The Devs have a game in mind and Devs never really pander to the whims of the player base. They know if they do they'll end up with an incoherent vision and no one will play it.

Why do people think a game needs to be changed so they play it? Find a game you like instead. If you moaned on every forum and Devs changed the game you would have a library of 50 games all the same.
 
Theres plenty of pick up and play games for casuals who dont really play out there, like 99% of them, we complain because games get made pick up and play, blame the console market or whatever, when a game comes along that isnt pick up and play we complain and want it turning into a pick up play game.

It doesnt matter how much time you have to play, theres no time limit, its endless, theres no reward for being first and no punishment for being last, you can take as long as you like, 100 hours to unlock a ship takes 100 hours whether thats spread over week or months,

If the game was designed for people who arent gamers then the gamers would leave looking for a game designed for gamers.

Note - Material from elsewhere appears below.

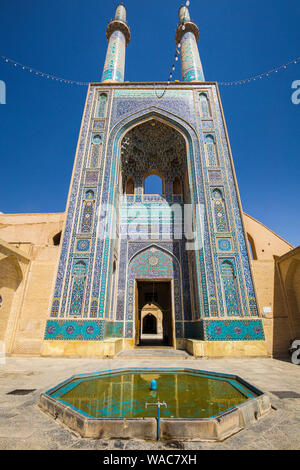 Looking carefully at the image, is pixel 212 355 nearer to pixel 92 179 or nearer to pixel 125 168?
pixel 92 179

Its a bit selfish that people want every game made for people who dont have time to play or are to impatient to take it slow or to wait. I work, I would love to be able to sit in the house all day and play games, but I cant, I just have to make do with the time Ive got, and appreciate it just as much when eventually I do get it.

The game is designed to be played forever, not finished in a week, people want to unlock a conda or whatever in two days say they are done, then move on to the next game. Leaving the rest of us wondering when a game thats coming to come along that doesnt just reward us for turning up that you can get lost in for months and months.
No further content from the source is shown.